No dia 20 de abril as imagens da heróica resistência dos trabalhadores siderúrgicos de Sicartsa - complexo Las Truchas (propriedade do grupo Villacero), no porto de Lázaro Cárdenas, Michoacán, percorreram o país e foram difundidas no continente.

Chegou-se a esta situação quando depois da tragédia de Pasta de Conchos (ver o artigo seguinte) o governo deslegitimou Napoleón Gómez Urrutia como dirigente do sindicato mineiro-metalúrgico, impondo Elías Morales neste posto (ainda que nos anos prévios garantiu os planos patronais, havia tido tensões com setores da patronal mineira).

Este ataque ã autonomia sindical despertou o repúdio operário e provocou ações de protesto do sindicato. Nos dias 01 e 02 de março os 270,000 trabalhadores realizaram uma paralisação nacional; a participação operária defendia, não tanto o “seu” dirigente, senão a sua organização, e expressava o repúdio ante as mortes de seus companheiros e ante o ataque a suas condições de trabalho.

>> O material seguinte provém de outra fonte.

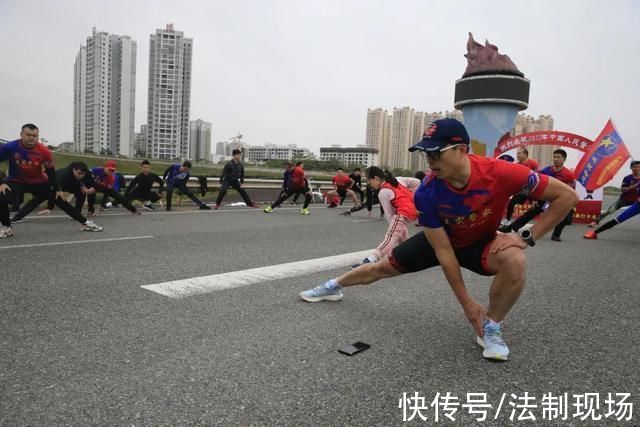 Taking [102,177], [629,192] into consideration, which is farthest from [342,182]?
[629,192]

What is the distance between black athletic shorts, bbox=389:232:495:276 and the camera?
3.29 m

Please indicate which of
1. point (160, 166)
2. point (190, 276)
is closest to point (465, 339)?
point (190, 276)

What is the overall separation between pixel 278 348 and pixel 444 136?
1.75 metres

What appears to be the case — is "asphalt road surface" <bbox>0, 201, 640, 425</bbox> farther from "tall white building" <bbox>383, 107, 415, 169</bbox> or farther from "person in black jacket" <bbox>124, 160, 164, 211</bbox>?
"tall white building" <bbox>383, 107, 415, 169</bbox>

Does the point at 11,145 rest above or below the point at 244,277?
above

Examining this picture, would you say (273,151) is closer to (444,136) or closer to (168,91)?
(168,91)

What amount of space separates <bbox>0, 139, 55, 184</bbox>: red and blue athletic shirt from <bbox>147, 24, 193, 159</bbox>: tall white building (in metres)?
84.2

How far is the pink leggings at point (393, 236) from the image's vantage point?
5.88 m

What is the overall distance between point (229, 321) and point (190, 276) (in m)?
1.63

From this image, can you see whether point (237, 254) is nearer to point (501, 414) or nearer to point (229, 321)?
point (229, 321)

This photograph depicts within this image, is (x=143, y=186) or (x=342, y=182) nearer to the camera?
(x=143, y=186)

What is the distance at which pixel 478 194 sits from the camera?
3090mm

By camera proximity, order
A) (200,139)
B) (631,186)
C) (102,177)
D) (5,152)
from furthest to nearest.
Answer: (200,139)
(102,177)
(631,186)
(5,152)

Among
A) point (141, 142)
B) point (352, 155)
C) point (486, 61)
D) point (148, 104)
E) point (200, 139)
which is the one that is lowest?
point (352, 155) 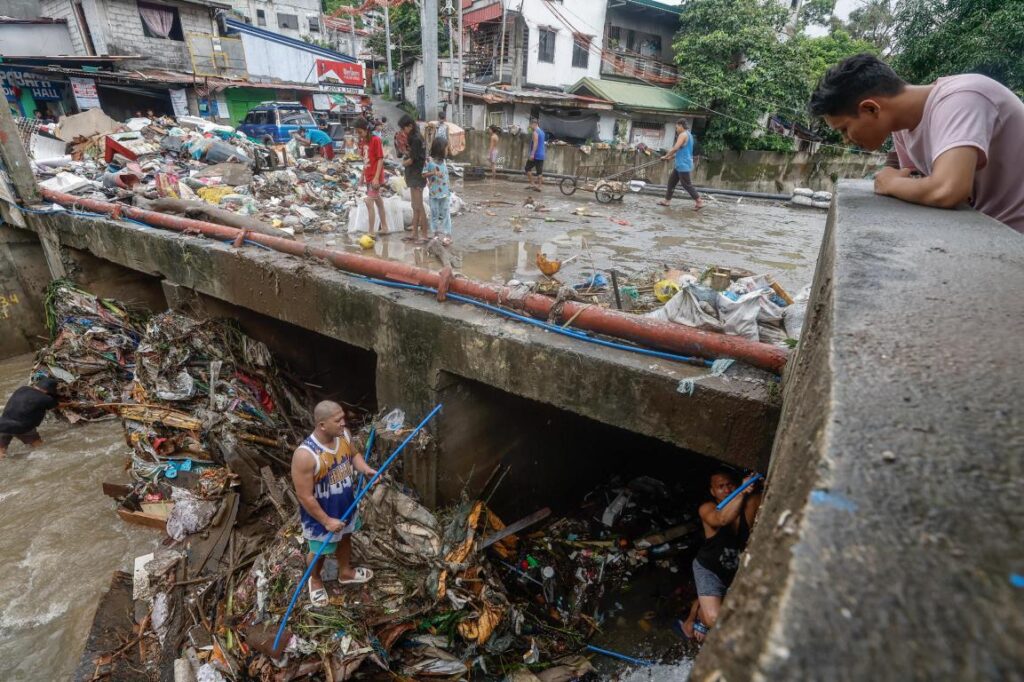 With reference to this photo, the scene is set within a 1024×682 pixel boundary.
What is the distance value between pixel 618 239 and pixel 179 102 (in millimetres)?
21081

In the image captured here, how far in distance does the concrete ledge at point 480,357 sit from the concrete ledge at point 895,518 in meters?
1.74

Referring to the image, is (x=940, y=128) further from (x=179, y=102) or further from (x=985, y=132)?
(x=179, y=102)

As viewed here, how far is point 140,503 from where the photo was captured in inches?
194

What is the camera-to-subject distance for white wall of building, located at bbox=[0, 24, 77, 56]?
700 inches

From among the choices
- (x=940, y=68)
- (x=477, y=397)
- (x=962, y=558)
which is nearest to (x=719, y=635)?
(x=962, y=558)

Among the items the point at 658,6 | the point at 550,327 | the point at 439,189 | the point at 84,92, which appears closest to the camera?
the point at 550,327

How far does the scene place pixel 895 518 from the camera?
591 mm

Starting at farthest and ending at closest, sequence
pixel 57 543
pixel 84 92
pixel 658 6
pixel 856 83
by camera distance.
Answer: pixel 658 6
pixel 84 92
pixel 57 543
pixel 856 83

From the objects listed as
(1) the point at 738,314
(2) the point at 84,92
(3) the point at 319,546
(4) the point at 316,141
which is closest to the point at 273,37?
(2) the point at 84,92

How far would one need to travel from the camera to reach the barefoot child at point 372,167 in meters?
6.43

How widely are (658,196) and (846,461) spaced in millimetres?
11355

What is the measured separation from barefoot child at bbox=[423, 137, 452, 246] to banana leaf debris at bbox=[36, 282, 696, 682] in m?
2.65

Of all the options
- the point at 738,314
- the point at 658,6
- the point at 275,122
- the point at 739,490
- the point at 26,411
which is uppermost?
the point at 658,6

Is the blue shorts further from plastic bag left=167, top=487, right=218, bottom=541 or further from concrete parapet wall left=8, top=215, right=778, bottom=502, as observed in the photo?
plastic bag left=167, top=487, right=218, bottom=541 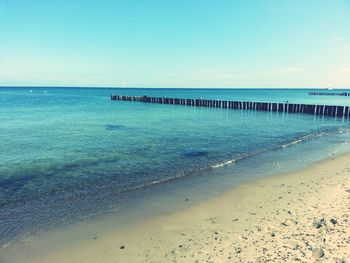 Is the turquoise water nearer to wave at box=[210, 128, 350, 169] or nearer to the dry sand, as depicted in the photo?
wave at box=[210, 128, 350, 169]

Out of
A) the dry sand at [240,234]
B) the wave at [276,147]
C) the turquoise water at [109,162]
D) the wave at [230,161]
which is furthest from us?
the wave at [276,147]

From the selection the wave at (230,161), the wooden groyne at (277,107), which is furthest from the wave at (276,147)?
the wooden groyne at (277,107)

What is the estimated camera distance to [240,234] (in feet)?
22.4

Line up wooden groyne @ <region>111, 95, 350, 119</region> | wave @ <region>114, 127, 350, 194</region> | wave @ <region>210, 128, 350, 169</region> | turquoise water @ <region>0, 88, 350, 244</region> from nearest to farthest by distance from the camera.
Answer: turquoise water @ <region>0, 88, 350, 244</region>, wave @ <region>114, 127, 350, 194</region>, wave @ <region>210, 128, 350, 169</region>, wooden groyne @ <region>111, 95, 350, 119</region>

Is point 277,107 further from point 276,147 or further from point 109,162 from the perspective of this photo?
point 109,162

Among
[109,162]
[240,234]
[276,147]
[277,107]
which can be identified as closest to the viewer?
[240,234]

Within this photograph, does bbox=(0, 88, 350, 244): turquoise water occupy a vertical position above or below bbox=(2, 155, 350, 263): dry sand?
below

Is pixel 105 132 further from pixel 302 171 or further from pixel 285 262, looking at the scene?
pixel 285 262

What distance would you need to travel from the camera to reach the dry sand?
5926 millimetres

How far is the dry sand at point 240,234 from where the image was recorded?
593 centimetres

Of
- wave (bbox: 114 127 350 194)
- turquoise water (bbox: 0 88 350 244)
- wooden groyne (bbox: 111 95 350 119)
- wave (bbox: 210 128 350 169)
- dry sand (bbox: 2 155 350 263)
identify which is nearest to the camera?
dry sand (bbox: 2 155 350 263)

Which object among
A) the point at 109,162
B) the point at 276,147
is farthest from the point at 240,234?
the point at 276,147

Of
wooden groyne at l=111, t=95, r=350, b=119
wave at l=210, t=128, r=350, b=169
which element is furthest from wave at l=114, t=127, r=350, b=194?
wooden groyne at l=111, t=95, r=350, b=119

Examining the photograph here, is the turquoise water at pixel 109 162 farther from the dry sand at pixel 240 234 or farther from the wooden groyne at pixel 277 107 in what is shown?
the wooden groyne at pixel 277 107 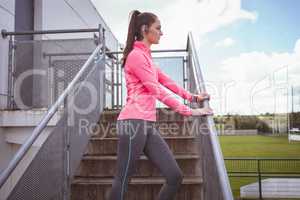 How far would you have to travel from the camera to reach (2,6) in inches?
169

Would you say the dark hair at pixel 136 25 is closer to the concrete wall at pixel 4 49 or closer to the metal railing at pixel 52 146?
the metal railing at pixel 52 146

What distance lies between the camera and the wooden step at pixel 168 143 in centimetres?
374

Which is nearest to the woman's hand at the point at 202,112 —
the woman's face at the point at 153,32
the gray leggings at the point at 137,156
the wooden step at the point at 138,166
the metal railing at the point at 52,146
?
the gray leggings at the point at 137,156

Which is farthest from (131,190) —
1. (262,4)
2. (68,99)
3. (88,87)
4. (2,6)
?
(262,4)

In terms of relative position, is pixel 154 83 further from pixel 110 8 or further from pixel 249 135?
pixel 249 135

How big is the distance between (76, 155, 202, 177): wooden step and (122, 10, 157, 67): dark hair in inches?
66.3

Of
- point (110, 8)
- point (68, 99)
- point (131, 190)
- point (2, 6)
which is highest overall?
point (110, 8)

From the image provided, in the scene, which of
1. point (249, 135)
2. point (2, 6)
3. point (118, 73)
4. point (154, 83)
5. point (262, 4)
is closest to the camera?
point (154, 83)

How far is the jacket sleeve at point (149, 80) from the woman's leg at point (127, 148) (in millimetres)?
198

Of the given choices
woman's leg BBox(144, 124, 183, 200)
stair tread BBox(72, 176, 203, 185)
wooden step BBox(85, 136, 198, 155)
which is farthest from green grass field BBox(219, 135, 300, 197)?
woman's leg BBox(144, 124, 183, 200)

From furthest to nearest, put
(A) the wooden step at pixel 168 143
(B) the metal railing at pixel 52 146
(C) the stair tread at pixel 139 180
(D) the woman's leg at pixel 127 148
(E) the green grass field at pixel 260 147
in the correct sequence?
(E) the green grass field at pixel 260 147 → (A) the wooden step at pixel 168 143 → (C) the stair tread at pixel 139 180 → (B) the metal railing at pixel 52 146 → (D) the woman's leg at pixel 127 148

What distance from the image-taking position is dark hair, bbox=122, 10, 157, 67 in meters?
2.03

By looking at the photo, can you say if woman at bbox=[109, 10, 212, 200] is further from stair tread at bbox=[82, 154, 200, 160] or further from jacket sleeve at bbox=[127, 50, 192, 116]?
stair tread at bbox=[82, 154, 200, 160]

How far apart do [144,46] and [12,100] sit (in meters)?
3.00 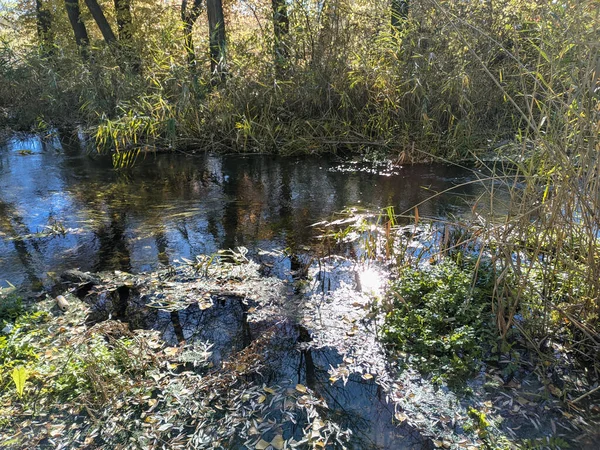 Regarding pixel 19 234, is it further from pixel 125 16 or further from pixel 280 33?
pixel 125 16

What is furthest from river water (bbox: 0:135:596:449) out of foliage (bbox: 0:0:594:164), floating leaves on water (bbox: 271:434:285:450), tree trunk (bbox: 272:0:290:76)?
tree trunk (bbox: 272:0:290:76)

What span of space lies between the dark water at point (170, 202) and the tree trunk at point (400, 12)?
2082mm

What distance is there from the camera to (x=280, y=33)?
7.38 m

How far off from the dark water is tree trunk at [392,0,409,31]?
6.83 feet

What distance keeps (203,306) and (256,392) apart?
91 centimetres

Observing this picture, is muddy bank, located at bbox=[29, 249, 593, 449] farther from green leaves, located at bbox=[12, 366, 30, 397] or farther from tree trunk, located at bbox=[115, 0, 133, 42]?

Nas semanas seguintes houve greves em empresas mineiras Nacozari, Sonora), e siderúrgicas (como em Lázaro Cárdenas), rechaçando a ingerência de Fox.Neste contexto, desde o dia 02 de abril os trabalhadores de Sicartsa foram ã greve, e depois de 19 dias cerca de 800 policiais sob a ordem do governo federal panista e do governo federal perredista, quiseram desalojá-los com gases lacrimogêneos e balas de borracha, provocando uma rebelião operária que -numa luta desigual e lançando mão do que estava a seu alcance - freou o desalojamento e gerou um movimento de solidariedade nesta cidade (onde há estaleiros, minas e fábricas de fertilizantes, que nos anos prévios protagonizaram várias lutas), com o qual centenas de trabalhadores de outras empresas se somaram à luta.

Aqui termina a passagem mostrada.